> [Exercise prompt]:
Quote the data exactly, first line to the line containing "Polaris RZR Turbo", with no pictures.

> [Extracted material]:
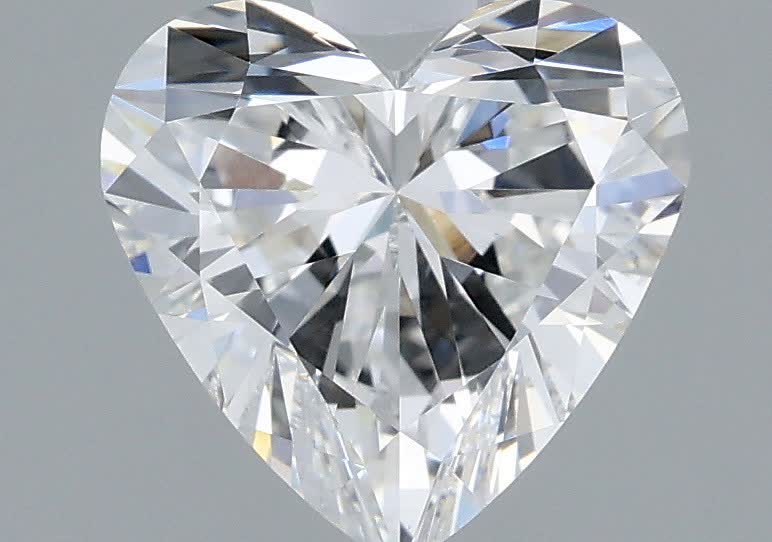 1.59 ct. heart Lab Grown Diamond front image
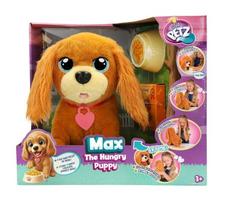 CLUB PETZ Max The Hungry Puppy, interactive pet dog (931909IM5)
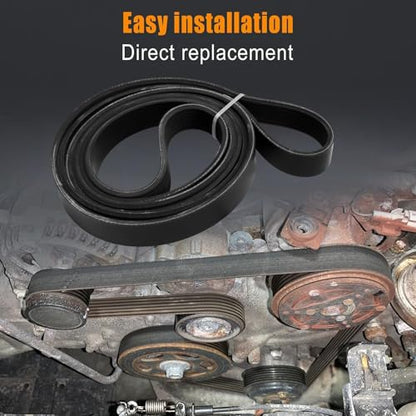 Engine Serpentine Drive Belt Replace K070971 7PK2465 5070973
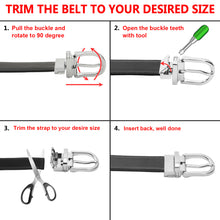 Load image into Gallery viewer, Falari Women Reversible Genuine Leather Belt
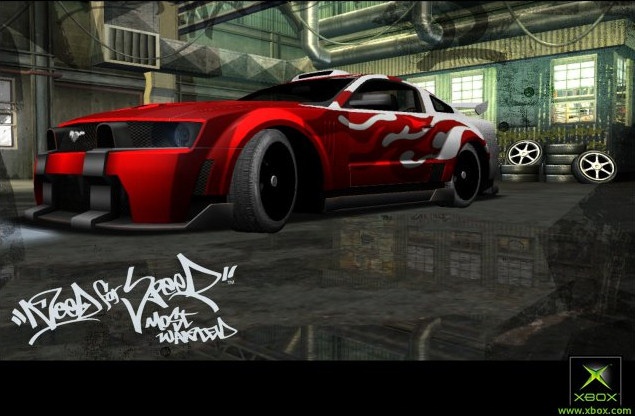 NFS Most Wanted: Скриншот №4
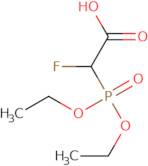 2-Diethylphosphono-2-fluoroacetic acid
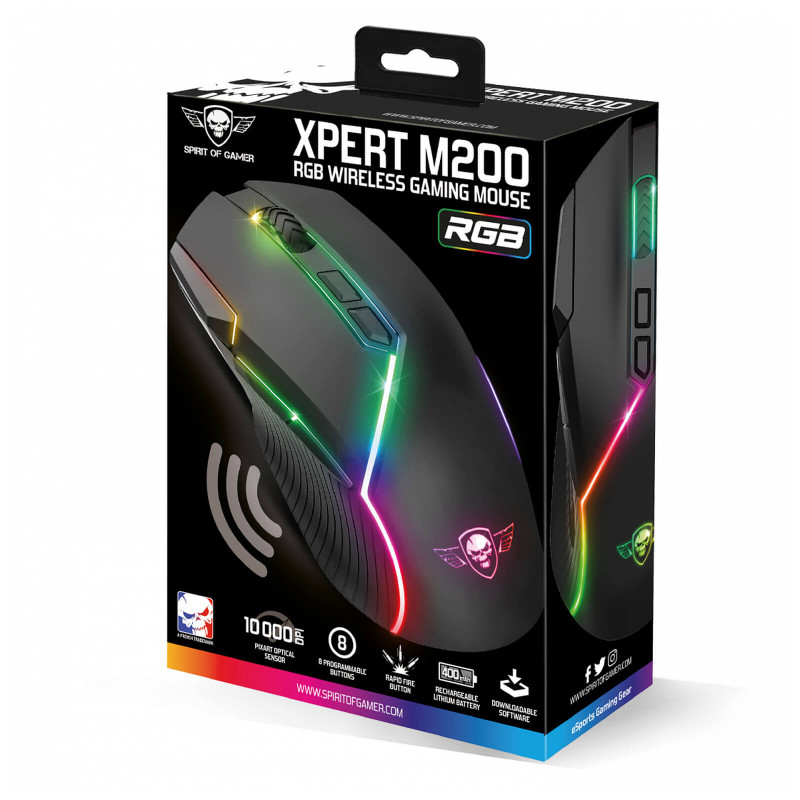 souris Sans Fil Spirit of Gamer XPERT-M200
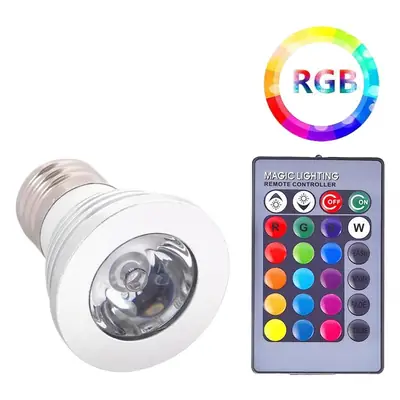 Remote Control LED Colorful Lamp with Magic Lighting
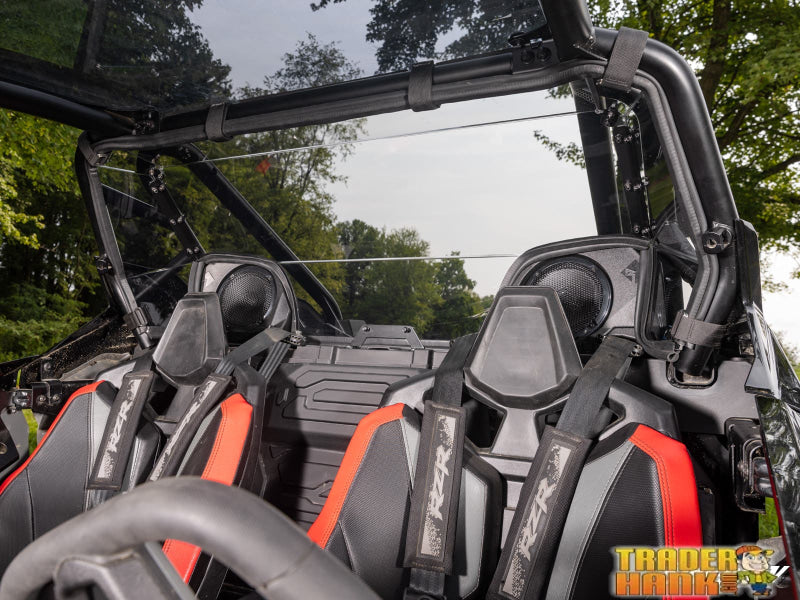Polaris RZR Turbo R Rear Windshield | UTV Accessories - Free shipping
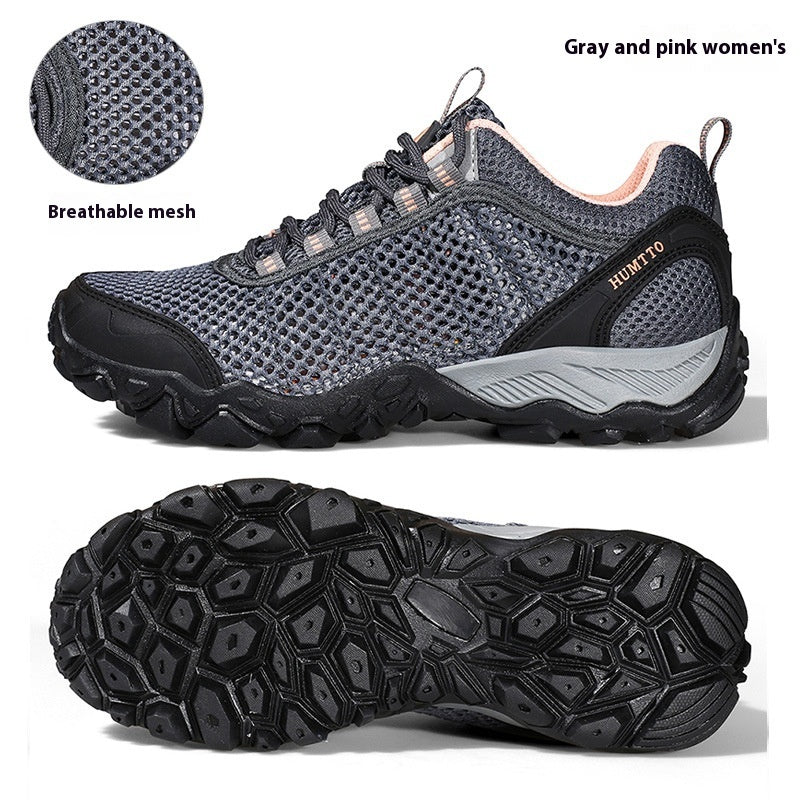 Chaussures randonnée respirantes – accroche et confort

> [Output below]:
 1.59 ct. heart Lab Grown Diamond front image
 CLUB PETZ Max The Hungry Puppy, interactive pet dog (931909IM5)
 Engine Serpentine Drive Belt Replace K070971 7PK2465 5070973
 Load image into Gallery viewer, Falari Women Reversible Genuine Leather Belt
 NFS Most Wanted: Скриншот №4
 2-Diethylphosphono-2-fluoroacetic acid
 souris Sans Fil Spirit of Gamer XPERT-M200
 Remote Control LED Colorful Lamp with Magic Lighting
Polaris RZR Turbo R Rear Windshield | UTV Accessories - Free shipping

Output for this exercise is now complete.